The Prime Minister is increasingly in the position of giving rather than taking. Brussels is not playing Monsieur Le Scrooge for fun. It is absolutely apparent now that when the EU27 said they would stick together, they meant it. When they said they would religiously follow their politically agreed mandate, they meant that as well. And when they say that a deal with a country outside the EU can’t be as good as what you get in the club, well, they mean that, too. It is also obvious that the EU side is as well versed in political expectation management and game playing as the Brits.
Tidings of comfort
I’m writing this at the start of the month, when the government hopes for little else for Christmas but moving on to the next round of Brexit talks, so it’s foolish to second-guess if their wish has been granted. Not least because it’s hard to know if the helpful elves of the DUP will play along, and how all sides of the Tory party will react if things go wrong. But power and influence in the talks are not exactly moving No 10’s way.

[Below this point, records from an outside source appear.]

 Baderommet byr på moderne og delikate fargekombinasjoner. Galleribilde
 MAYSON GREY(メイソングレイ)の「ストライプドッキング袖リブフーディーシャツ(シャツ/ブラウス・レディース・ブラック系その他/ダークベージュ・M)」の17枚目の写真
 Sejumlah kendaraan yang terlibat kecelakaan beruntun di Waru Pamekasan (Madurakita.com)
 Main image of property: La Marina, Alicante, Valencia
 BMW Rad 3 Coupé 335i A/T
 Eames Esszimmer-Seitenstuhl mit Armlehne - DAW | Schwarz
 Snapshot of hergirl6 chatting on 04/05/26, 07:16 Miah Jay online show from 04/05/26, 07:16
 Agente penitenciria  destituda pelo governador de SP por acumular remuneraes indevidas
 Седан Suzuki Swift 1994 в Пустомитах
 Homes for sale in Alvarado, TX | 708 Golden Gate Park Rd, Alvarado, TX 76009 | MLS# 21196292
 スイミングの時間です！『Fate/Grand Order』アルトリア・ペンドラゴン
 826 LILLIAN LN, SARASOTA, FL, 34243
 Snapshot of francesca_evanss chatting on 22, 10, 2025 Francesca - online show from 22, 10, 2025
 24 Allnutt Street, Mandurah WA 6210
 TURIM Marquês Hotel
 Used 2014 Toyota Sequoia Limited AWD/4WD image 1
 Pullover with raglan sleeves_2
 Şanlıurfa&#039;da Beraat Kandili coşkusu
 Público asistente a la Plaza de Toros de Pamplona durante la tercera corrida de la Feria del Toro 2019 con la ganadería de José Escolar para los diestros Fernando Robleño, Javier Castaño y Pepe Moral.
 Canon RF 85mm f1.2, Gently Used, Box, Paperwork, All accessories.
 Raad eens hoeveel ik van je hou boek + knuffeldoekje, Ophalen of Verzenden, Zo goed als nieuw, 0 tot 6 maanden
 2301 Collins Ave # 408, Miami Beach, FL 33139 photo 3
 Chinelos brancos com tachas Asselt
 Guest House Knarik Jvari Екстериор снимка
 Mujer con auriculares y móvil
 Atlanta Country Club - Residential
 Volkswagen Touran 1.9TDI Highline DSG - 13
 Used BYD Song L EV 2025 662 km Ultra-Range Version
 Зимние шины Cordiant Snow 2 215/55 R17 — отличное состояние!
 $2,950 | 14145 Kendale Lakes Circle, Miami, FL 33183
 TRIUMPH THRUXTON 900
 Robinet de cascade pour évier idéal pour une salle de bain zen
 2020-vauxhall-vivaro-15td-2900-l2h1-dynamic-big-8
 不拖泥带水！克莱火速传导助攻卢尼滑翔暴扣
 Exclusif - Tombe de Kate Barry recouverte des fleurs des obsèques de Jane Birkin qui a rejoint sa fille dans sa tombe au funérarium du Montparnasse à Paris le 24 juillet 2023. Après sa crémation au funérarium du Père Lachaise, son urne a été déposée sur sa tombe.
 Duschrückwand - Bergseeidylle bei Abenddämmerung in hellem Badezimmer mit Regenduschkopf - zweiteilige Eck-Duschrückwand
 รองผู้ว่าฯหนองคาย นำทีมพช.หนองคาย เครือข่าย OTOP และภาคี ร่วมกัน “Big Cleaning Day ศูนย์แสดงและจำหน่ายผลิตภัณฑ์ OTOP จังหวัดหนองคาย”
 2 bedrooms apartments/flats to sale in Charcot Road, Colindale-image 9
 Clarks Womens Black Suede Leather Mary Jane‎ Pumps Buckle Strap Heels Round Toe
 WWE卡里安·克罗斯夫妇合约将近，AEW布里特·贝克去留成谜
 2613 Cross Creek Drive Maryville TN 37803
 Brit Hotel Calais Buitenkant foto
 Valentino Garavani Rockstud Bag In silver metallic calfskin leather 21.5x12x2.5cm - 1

But here’s a funny thing – if not the fashionable view. And look, after the events of the past 12 months, the following moderate glad tidings are no guarantee whatsoever that 2018 augurs well for either the Tories or the Labour Party. But… both main party leaders have some reasons to be cheerful. It didn’t feel like a dead cert in the crazy days after the election, but Theresa May will again preside over the lighting of the Downing Street tree this year. That flimsy stability may yet end very fast, but she has made it this far – which for the more charitable among you could be considered an achievement.
Santa Clause Four
Jeremy Corbyn can enjoy the fizz of recent polls, but he has not yet extended a consistent, unassailable lead over the Tories. MPs who back him shake their heads and wonder why. His critics – much muted but still lurking – believe they know the reason, but since the election they have been much more shy about pointing the finger.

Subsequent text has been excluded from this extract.